### MATERIAL FOR THE TASK ###
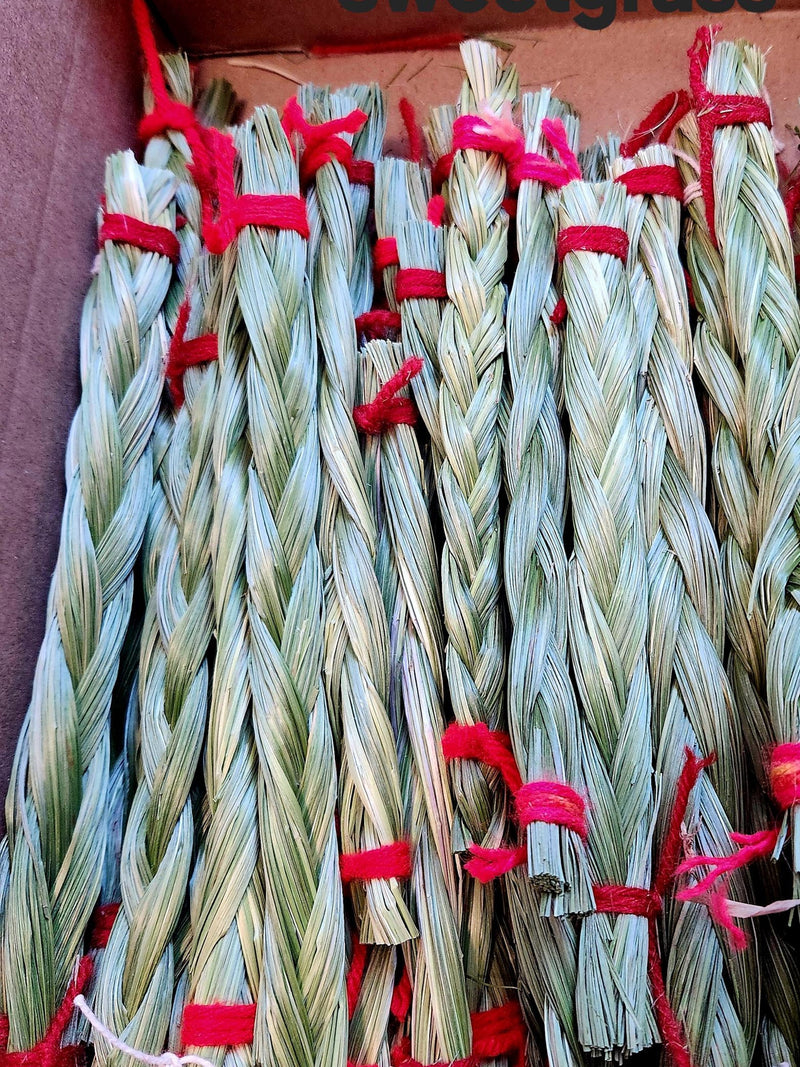 Green Sweetgrass Braids         up to 36 inches .Pick your length. Hierochloe odorataÊ,Buffalo Grass, wekusk seeds bulk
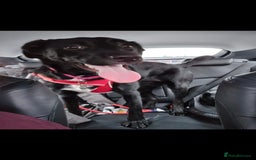 Borador dogs for sale: Border collie X Labrador - Image 4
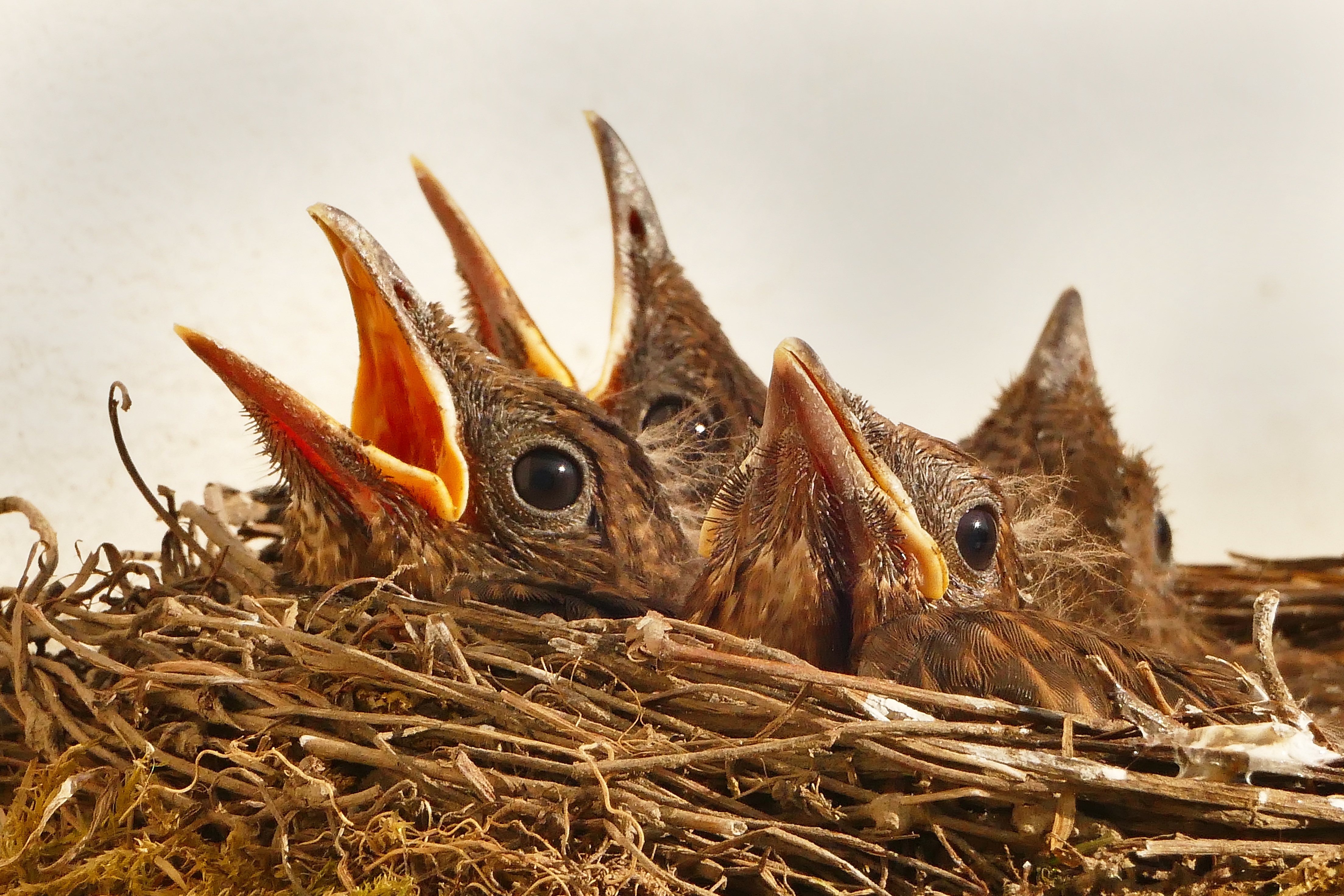 Wallpapers nature bird animal on the desktop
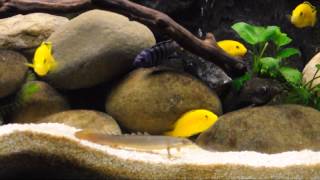 Yellow Lab Cichlid Holding and Close Up Shots [upl. by Doug39]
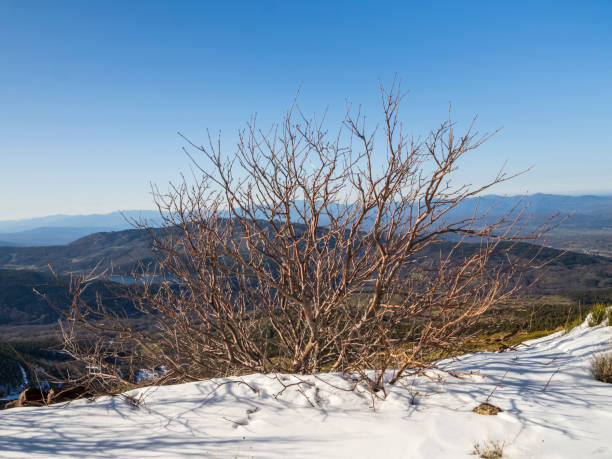 Deciduous trees in winter in a snowy landscape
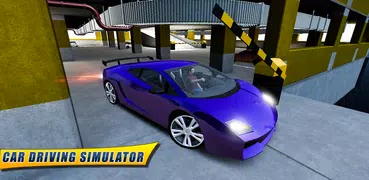 Race Car Driving Simulator 3D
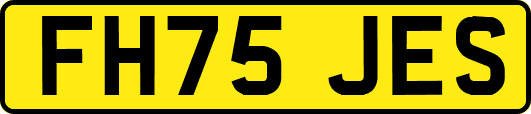 FH75JES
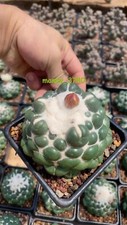 Coryphantha elephantidens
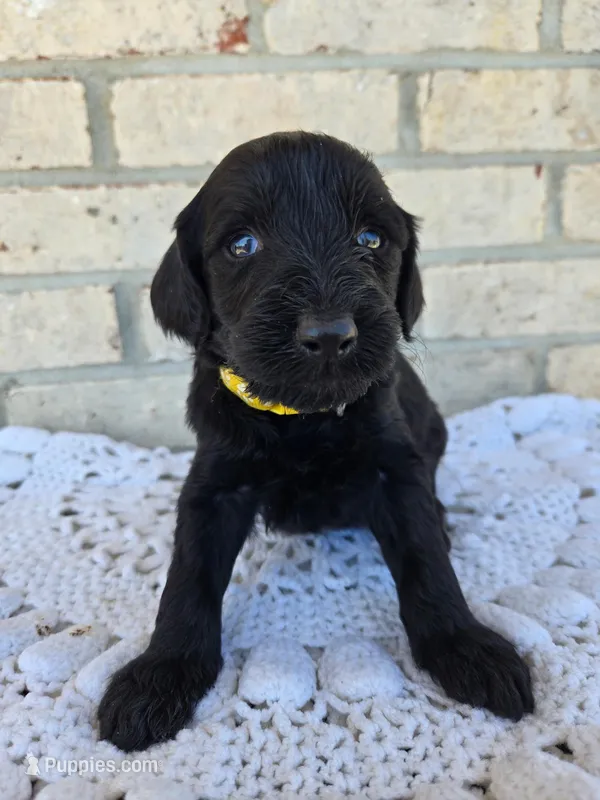 Ivy – Labradoodle puppy for sale in Williamstown, KY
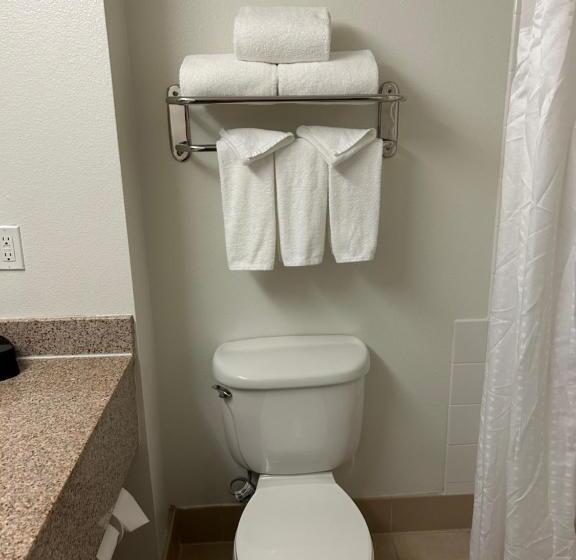 带大床的套房, Holiday Inn & Suites   Barstow, An Ihg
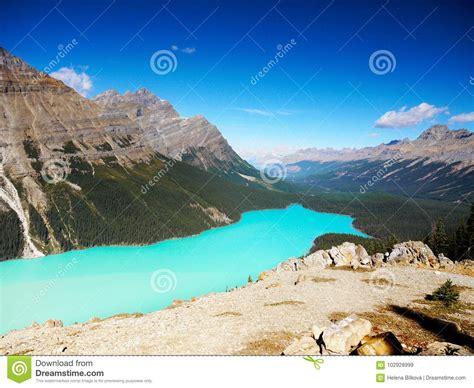 Peyto Lake Banff National Park Canadian Rockies Stock Image Image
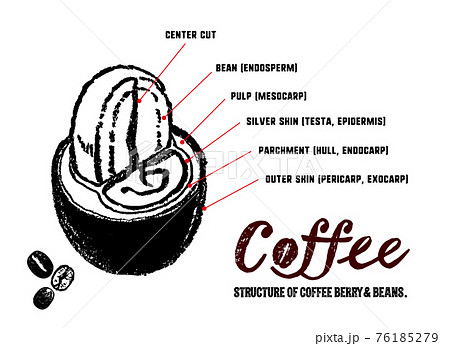コーヒーチェリーとコーヒー豆の構造イラスト 中身の説明イラスト のイラスト素材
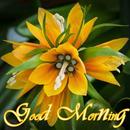 Good Morning Flower Images APK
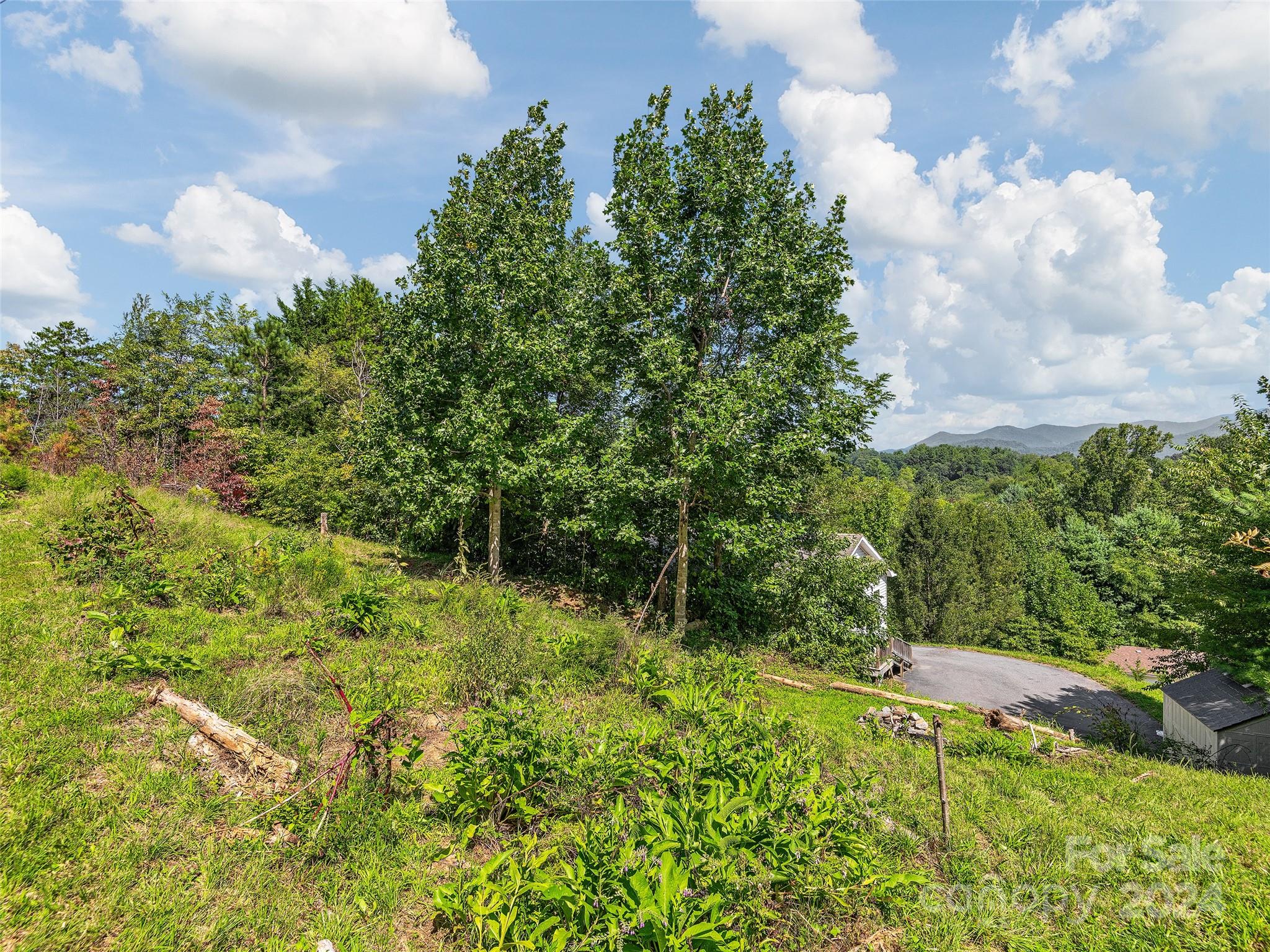 33 Goose Creek Road Swannanoa, NC 28778 - Photo 18 of 18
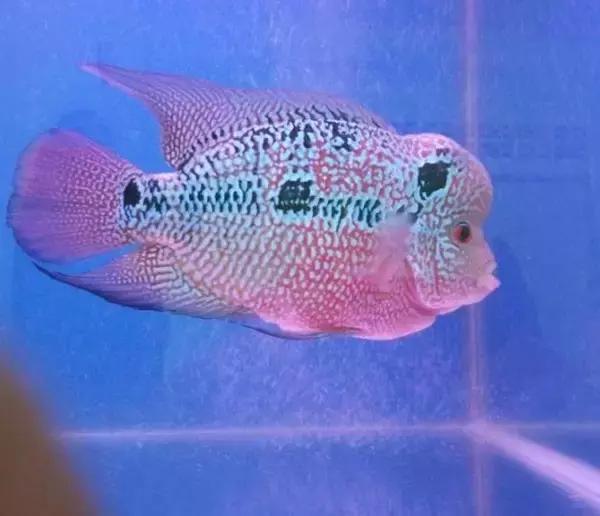 珍珠马骝罗汉鱼如何养水,金鱼喂食,鱼病防治,奇闻轶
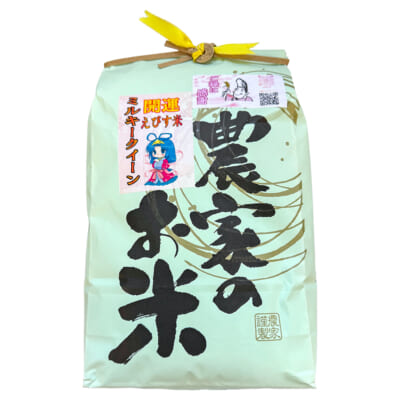 新潟県産ミルキークイーン 精米10kg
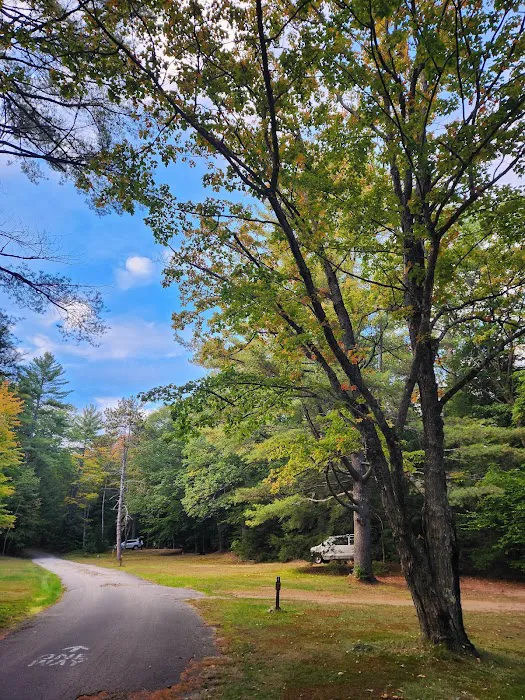 White Ledge Campground Picture 8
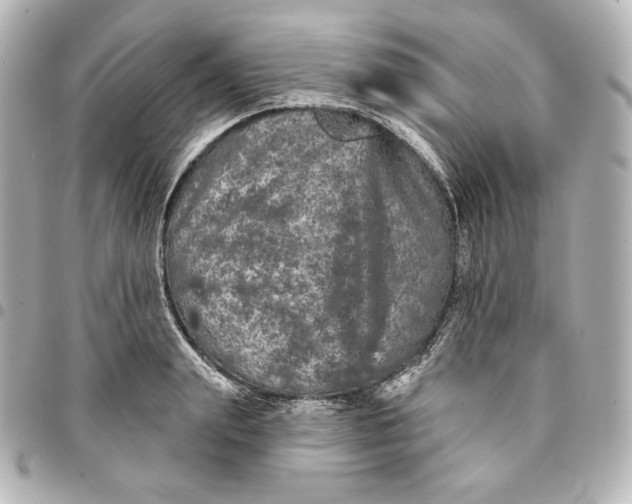 X0000095530847200712281520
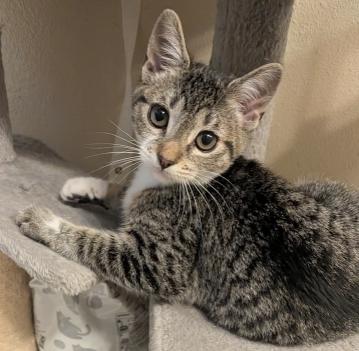 Jingle, adopted, Kitten Male Domestic Short Hair.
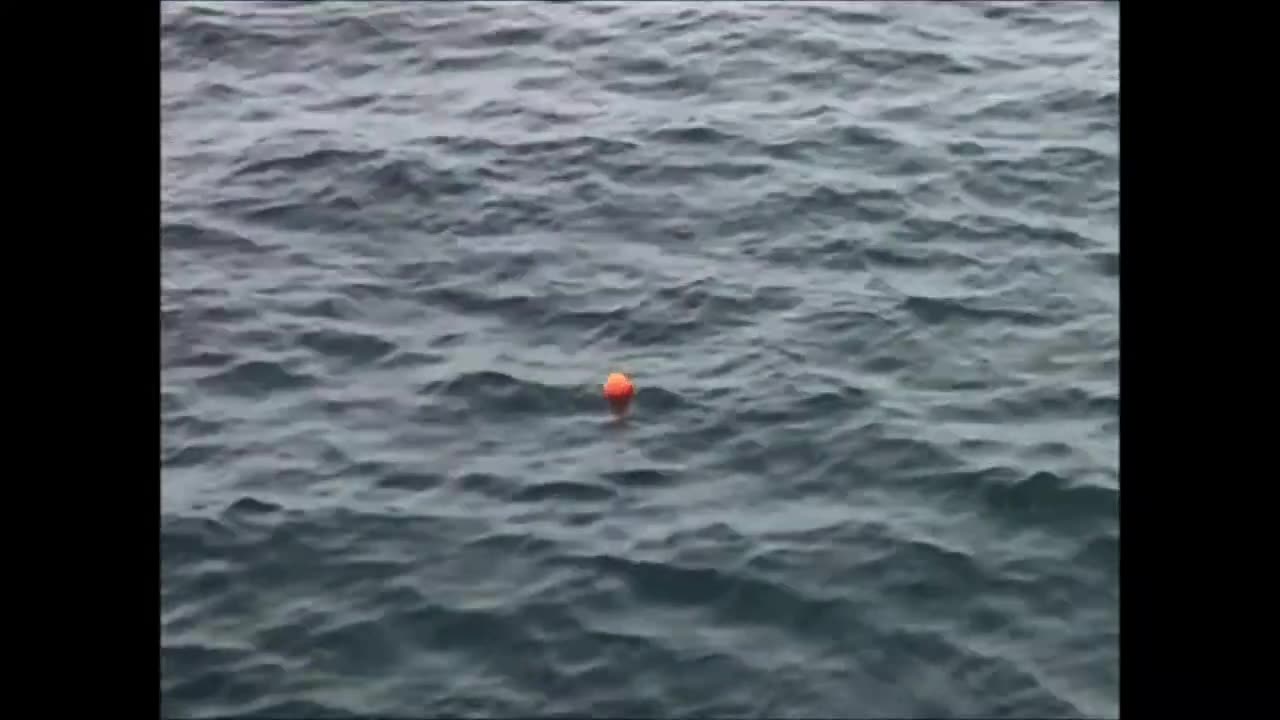 Huge snapper off the rocks on softbait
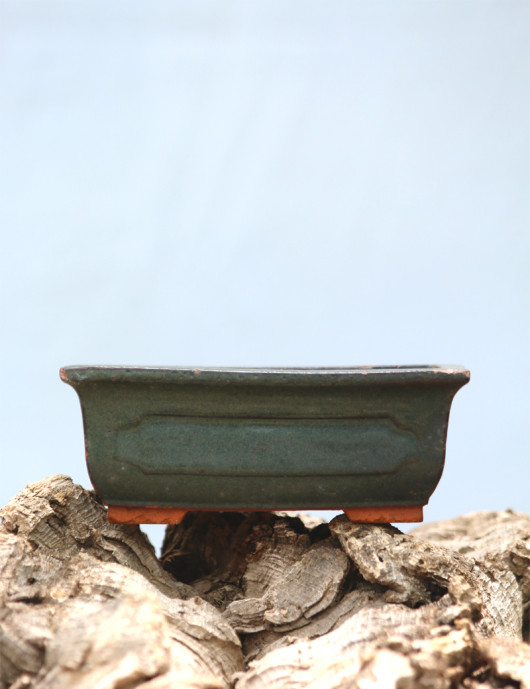 Pot en terre cuite émaillé pour présenter des Tillandsia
###
DIRECTIONS:
Nothing but the lines from the line with "Coryphantha elephantidens" through the end of the listing should appear in the answer, each duplicated exactly, without pictures.

RESULT:
 Coryphantha elephantidens
 Ivy – Labradoodle puppy for sale in Williamstown, KY
 带大床的套房, Holiday Inn & Suites   Barstow, An Ihg
 Peyto Lake Banff National Park Canadian Rockies Stock Image Image
コーヒーチェリーとコーヒー豆の構造イラスト 中身の説明イラスト のイラスト素材
 Good Morning Flower Images APK
 33 Goose Creek Road Swannanoa, NC 28778 - Photo 18 of 18
 珍珠马骝罗汉鱼如何养水,金鱼喂食,鱼病防治,奇闻轶
 新潟県産ミルキークイーン 精米10kg
 White Ledge Campground Picture 8
 X0000095530847200712281520
 Jingle, adopted, Kitten Male Domestic Short Hair.
 Huge snapper off the rocks on softbait
 Pot en terre cuite émaillé pour présenter des Tillandsia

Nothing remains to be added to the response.